GATINEAU – What is 5G and what will be the new killer application driving 5G network adoption? Those were two of the main questions that a number of speakers at the Wireless World Research Forum’s (WWRF) 5G Huddle conference in Gatineau last week attempted to answer.

As was noted many times during the event about new wireless networks, the applications that end up dominating and driving usage tend to have not yet been conceived when new networks begin rollout. Take SMS on 2G networks and video streaming on 4G networks, the application that will be the define 5G isn’t likely known at this point in time.

The WWRF event explored what some of those applications might be. Some had specific views while others didn’t. For Johanne Lemay, co-president at research firm Lemay Yates and Associates, the connected car could be a big application for 5G.  

“I would put a bit of money on connected cars being the killer app for 5G,” she said, adding that this includes self driving cars.

Lemay provided some evidence to back her suggestion. According to a Hitachi report, 25 GBs of data per hour is going to be transmitting to the cloud in the future or more than 100 times the amount of data transmitted per hour from OnStar.

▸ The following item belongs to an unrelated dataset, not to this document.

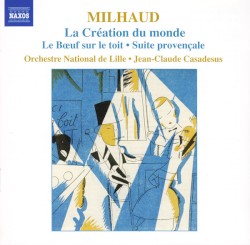 La Création du monde / Le Bœuf sur le toit / Suite provençale by Darius Milhaud ;   Orchestre National de Lille ,   Jean‐Claude Casadesus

As well, there are several Silicon Valley technology companies exploring apps in the connected car space, meaning there’s a good bet this could be an initial application that comes to the fore. She added research Lemay Yates has done in the U.S. indicates there is a high level of interest from consumers south of the border to purchase connected and self driving cars if they got a break on their vehicle insurance rates.

The connected car may in fact turn out to be one of those killer apps for 5G, acknowledged Jonathan Segel, executive director of strategic innovation projects for the mobile networks group at Nokia.  

But he said there will be a series of applications, depending the need for speed and bandwidth requirements of specific verticals. For example, there will be video and data apps that require higher speeds and throughput in certain locations. There will be others that will require ultra-reliable, low latency communications (URLLC). Many conference speakers seemed to think that these URLLC services will be the real 5G apps.

Segel said these highly reliable and low latency devices and networks will power apps such as augmented reality, industrial automation or others.

“Then the network is adding some specific value to that. It can’t just be a dumb fat pipe.” – Jonathan Segal, Nokia

However, he added, the network has to integrate a high level of intelligence.

If 5G is going to tap into new sources of revenue, new sources of profitability, if it’s going to affect materially the value chain of vertical industries, “then the network is adding some specific value to that. It can’t just be a dumb fat pipe,” said Segel.

Other industries such as agri-food could also benefit substantially from 5G networks, according to Mark Dietrich, president and CEO at Compute Canada.

“There’s already huge amounts of data sitting on farms, the estimate is something on the order of 500 petabytes that’s locked up on farms that could be processed to create better results for agriculture and greater outcomes,” he said.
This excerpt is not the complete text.